Kirpatovskiy V.I., Chochuev O.S., Nadtochiy O.N., Frolova E.V., Kazachenko A.V., Sivkov A.V.

This review is dedicated to the analysis of recently published data related to the influence of metabolic syndrome (MS) on the development and progression of benign prostate hyperplasia (BPH) and urination disorders, which are denoted as lower urinary tract symptoms (LUTS). It has been shown that patients with MS are diagnosed with BPH significantly more often than men of the same age, who do not suffer from metabolic disorders. At the same time, the volume of the prostate was larger in patients with MS, who have recently been diagnosed with BPH, in comparison with patients without MS. Dynamic monitoring of patients with MS has demonstrated more rapid growth of prostate mass; several papers report on the rapid increase in the level of prostate specific antigen (PSA). The data related to the influence of MS on LUTS is controversive: some authors indicate the negative impact of MS on urination in patients with BPH, whereas the others do not. Several papers even describe the improvement of urination in patients with MS. These differences are claimed to be linked to ethnic factors: negative impact of MS is less significant in Asian men, in comparison with European population, as well as lifestyle and nutritional patterns. The increase in the negative impact of MS on the progression of BPH and LUTS correlates with MS factors, which are also present in patients. In this case, the main role is attributed to the disorders of lipid and carbohydrate metabolism, which is accompanied by abdominal obesity, hyperglycemia and insulin resistance, which includes diabetes mellitus type 2. The mechanisms which describe the interconnection of metabolic disorders, stimulation of prostate cells proliferation and LUTS progression are under discussion.

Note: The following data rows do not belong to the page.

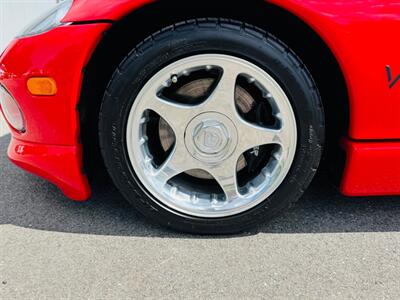 1997 Dodge Viper GTS   - Photo 25 - Sarasota, FL 34243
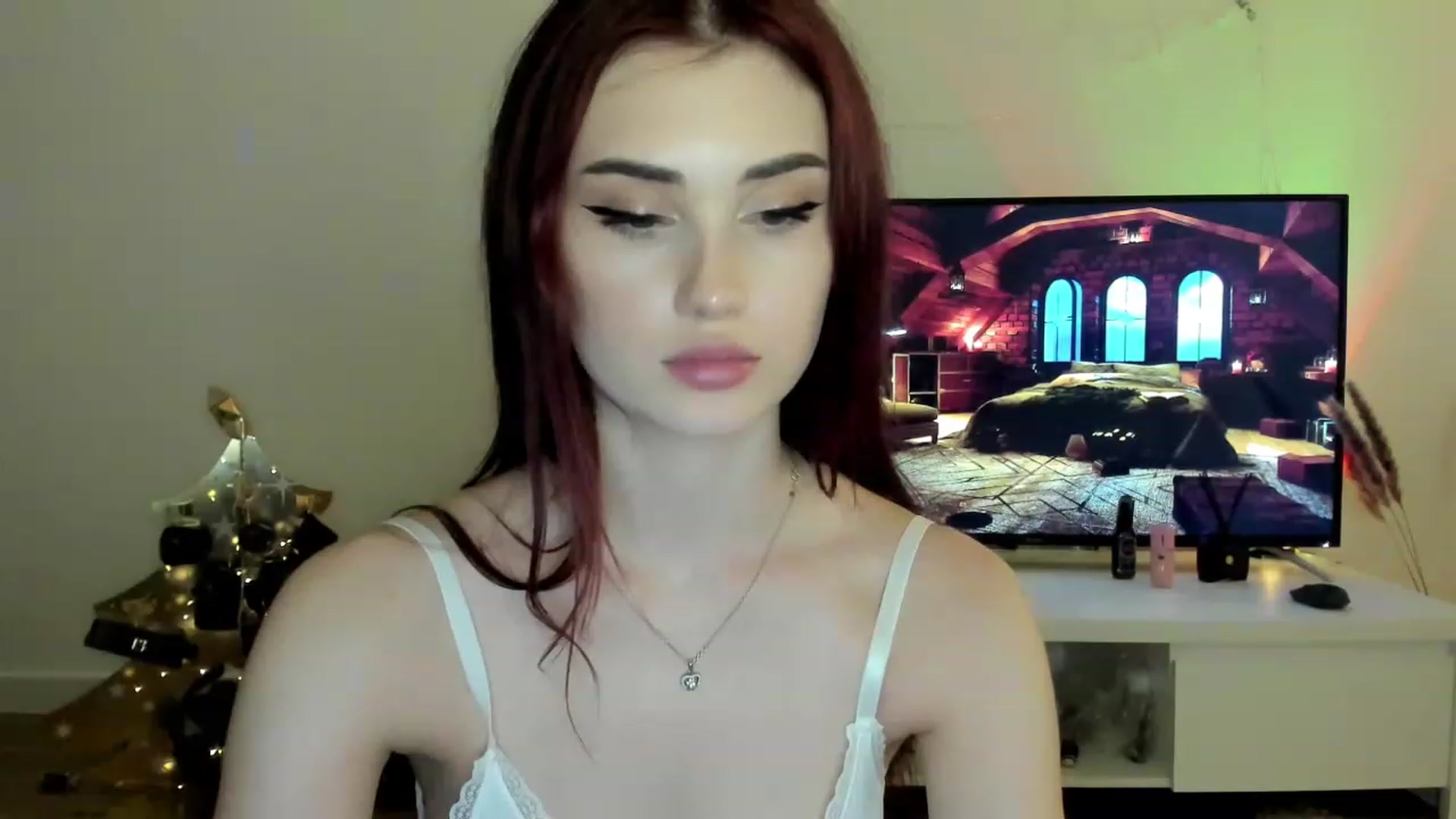Gallery image thumbnail from IsaPeach's myfreecams stream on, 11/15/2022, 23:24 image 20 of 20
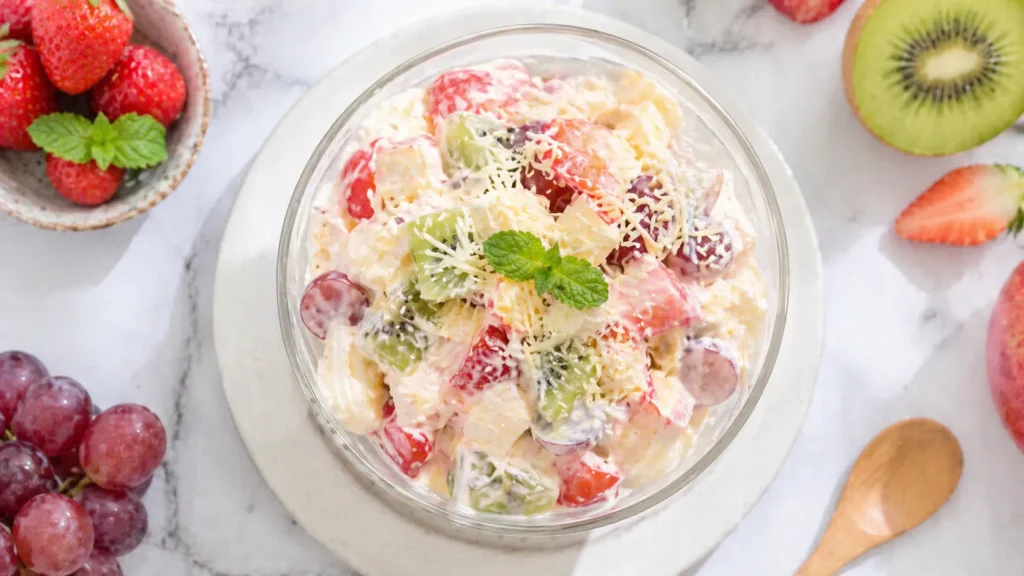 Resep Salad Buah Yoghurt Keju: Segar, Creamy, dan Disukai Semua Usia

Most publications point to the decrease in the effectiveness of medication-assisted treatment of patients with MS and BPH, in comparison with men with BPH, who do not suffer from MS. This way of treatment leads to the more often development of urinary retention and also to the necessity of surgical intervention, which leads to the normalization of urination less often, according to a number of authors. This data indicates the necessity of further research aimed at unraveling the peculiarities of BPH pathogenesis, associated with MS and also the need to improve the methods of treatment of these patients.

Authors declare lack of the possible conflicts of interests.